In der philosophischen Beschreibung des Menschen wurde diese Unterscheidung vorgedacht. Die Epoche der Aufklärung charakterisiert ihn als empirisch-transzendentale Dublette.7 Mit seinem Körper ist der Mensch in den Kausalitäten der Naturgesetze gefangen, sein Geist hingegen ist frei, |73|sich spontan und unbedingt neue und in der Wirklichkeit unmögliche Welten auszudenken. Die Folgen dieser unbedingten Freiheit für das gesellschaftliche Zusammenleben versucht die Moral einzudämmen, und Kants „kategorischer Imperativ“ ist eine klassische Folgeerfindung dieser Beschreibung des Menschen als tierische und göttliche Existenz zugleich. Für die Beobachtung des menschlichen Ausdrucks entsteht hieraus eine neue Differenz. „Zwischen dem, was ein Zeichen sagt, schiebt sich, was sich an ihm zeigt“.8 Das Bewusstsein versucht, die Anzeichen des Körpers intentionalseinem Willen zu unterwerfen, doch am Körper zeigen sich unvermeidliche Anzeichen seiner Unverfügbarkeit. Die Unterscheidung zwischen dem bewussten Zeigen und dem, was sich zeigt, bildet die Differenz zwischen der Intentionalität und der Nichtintentionalität, zwischen dem Sinn und der körperlichen Präsenz ab. Alles menschliche Zeigen basiert auf dieser unhintergehbaren Paradoxie. Diese paradoxe Seinsweise kann vom Schauspieler nun in zwei unterschiedlichen Richtungen aufgelöst werden. Er kann, wie im Volkstheater und seinen Nachfolgern, seine Freiheit gegenüber den geschriebenen Handlungen und Verhaltensweisen der Figur ausspielen. Er bringt hierdurch ein anarchisches Moment in die Darstellung. Sein Vorführungshandeln überlagert dabei die darin vorgeführten Handlungen seiner Figur. Oder er kann versuchen, sein schauspielerisches Handeln in den Dienst des geschriebenen Textes zu stellen. Dabei versucht er, sich selbst quasi unsichtbar zu machen, um dem Erscheinen der Figur die größtmögliche Aufmerksamkeit zukommen zu lassen. Ein solches Spiel der Verkörperung wird ab dem 18. Jahrhundert zum Ziel der Schauspielkunst.9 Die zahlreichen theoretischen und praktischen Nachfolger arbeiten sich alle an dem Paradox ab, dass dieser Wunsch eine permanente Störung durch die Präsenz des Körpers und der Stimme erfährt. Hinter dem Rücken des Schauspielers entsteht eine andere Realität auf der Bühne, die sich seiner Gestaltung entzieht.10 Die großen Richtungen im Verständnis der Arbeit des Schauspielers orientieren sich an diesem Paradox und seinen zwei Möglichkeiten der Auflösung.

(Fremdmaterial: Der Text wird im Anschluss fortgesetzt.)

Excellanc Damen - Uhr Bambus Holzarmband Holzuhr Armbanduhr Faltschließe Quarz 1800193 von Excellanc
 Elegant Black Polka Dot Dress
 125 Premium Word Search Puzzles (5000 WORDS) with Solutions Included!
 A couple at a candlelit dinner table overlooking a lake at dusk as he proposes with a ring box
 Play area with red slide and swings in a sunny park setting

|74|In der Neuerfindung der bürgerlichen Existenz wird die doppelte Seinsweise des Menschen zum Fundament. Das Theater und die Schauspieler werden zum besonders geeigneten künstlerischen Medium, diese Differenz immer wieder erfahrbar zu machen. Die unregierbare Eigenart des Körpers und die Anstrengungen des Geistes wie der Gesellschaft, ihn in das Korsett seiner Diskurse zwängen zu wollen, werden im Spiel des Schauspielers erlebbar. Der ewige Verlust an kontrollierbarem Sinn durch die Notwendigkeit, ihn durch die Mittel des Körpers, der Stimme, der Mimik und Gestik ausdrücken zu müssen, bleibt Motor der Arbeit am menschlichen Ausdruck. Das Mienenspiel, die Bewegung der Hände, das Zucken der Mundwinkel beim Sprechen, all das verrät über den Sprechenden mehr, als dieser preiszugeben bereit ist. Die Schule der Wahrnehmung, um diese Differenz zwischen dem Leben des Körpers und den Intentionen des Menschen zu begreifen, übernimmt auch das Schauspiel.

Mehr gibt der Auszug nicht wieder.